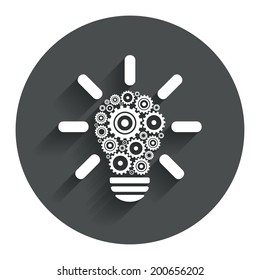Light lamp sign icon. Bulb with gears and cogs symbol. Idea symbol. Circle flat button with shadow. Modern UI website navigation. Vector
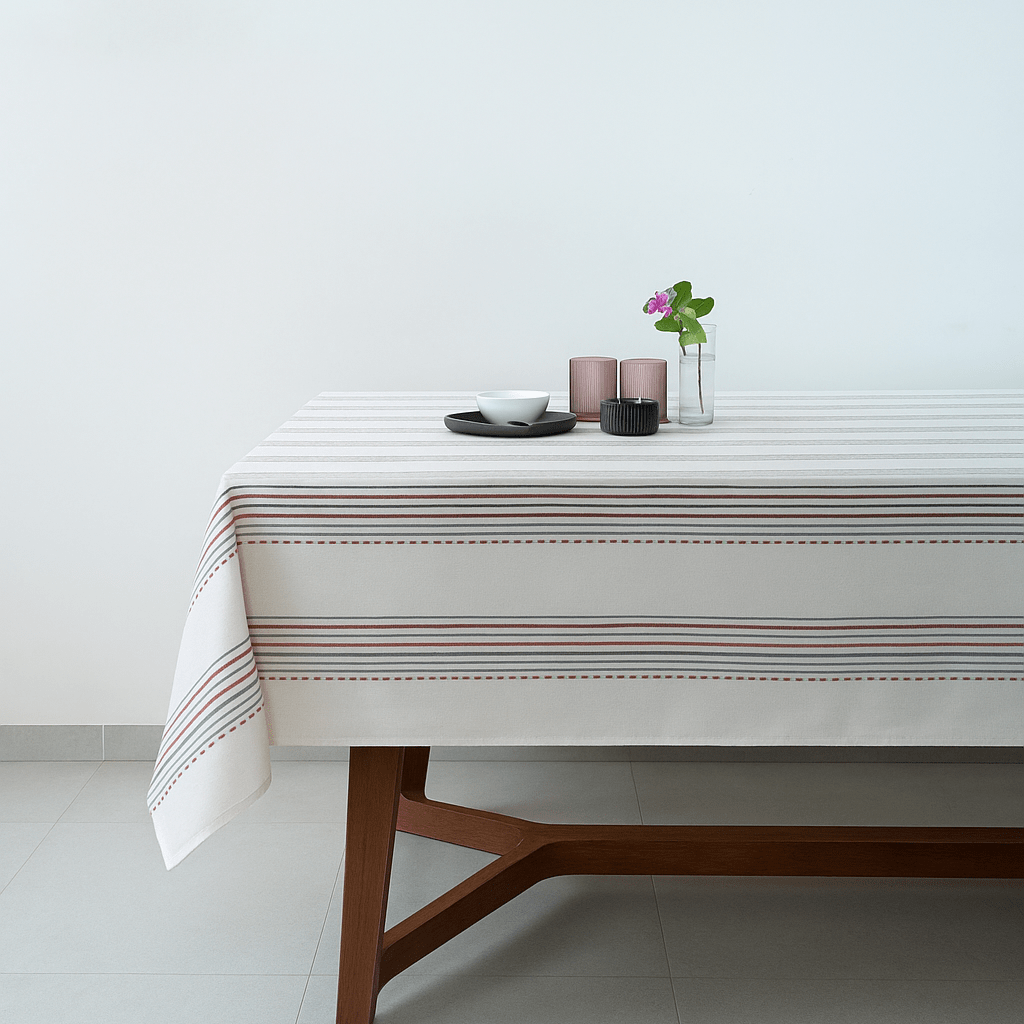 Vintage Lanes – Rustic Dobby Line Cotton Tablecloth
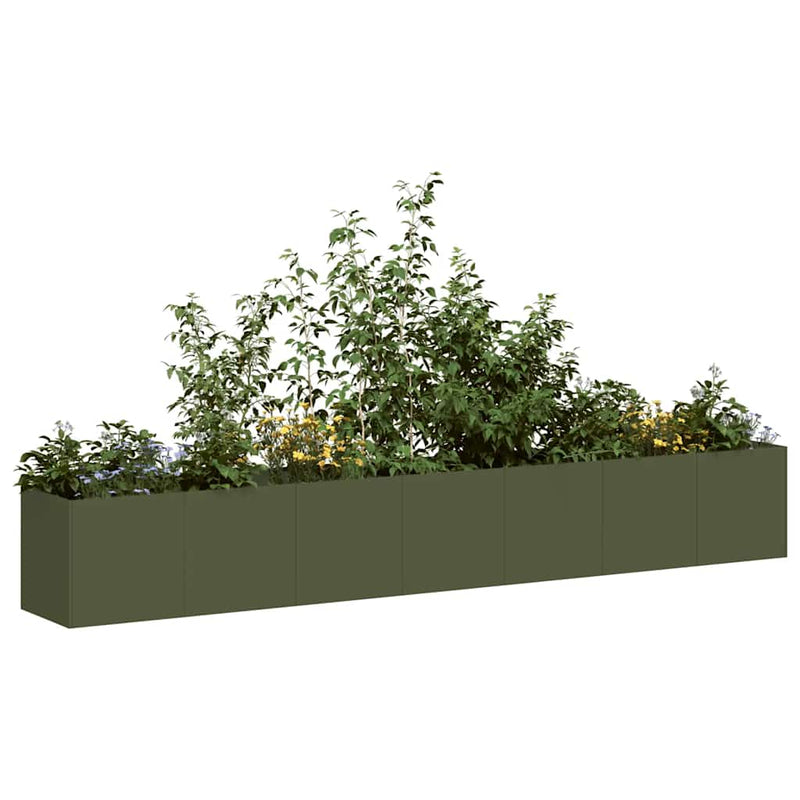 Load image into Gallery viewer, Vidaxl plantenbak 280x40x40 cm koudgewalst staal olijfgroen
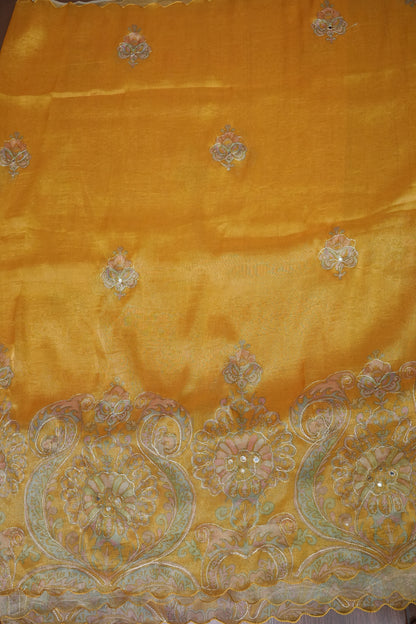 Bright Mustard Gold Glass Tissue Organza Designer Party Wear Saree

Task brief » Please retype the data exactly. The pictures do not go in.

Response area »
Light lamp sign icon. Bulb with gears and cogs symbol. Idea symbol. Circle flat button with shadow. Modern UI website navigation. Vector
 Vintage Lanes – Rustic Dobby Line Cotton Tablecloth
 Load image into Gallery viewer, Vidaxl plantenbak 280x40x40 cm koudgewalst staal olijfgroen
 Bright Mustard Gold Glass Tissue Organza Designer Party Wear Saree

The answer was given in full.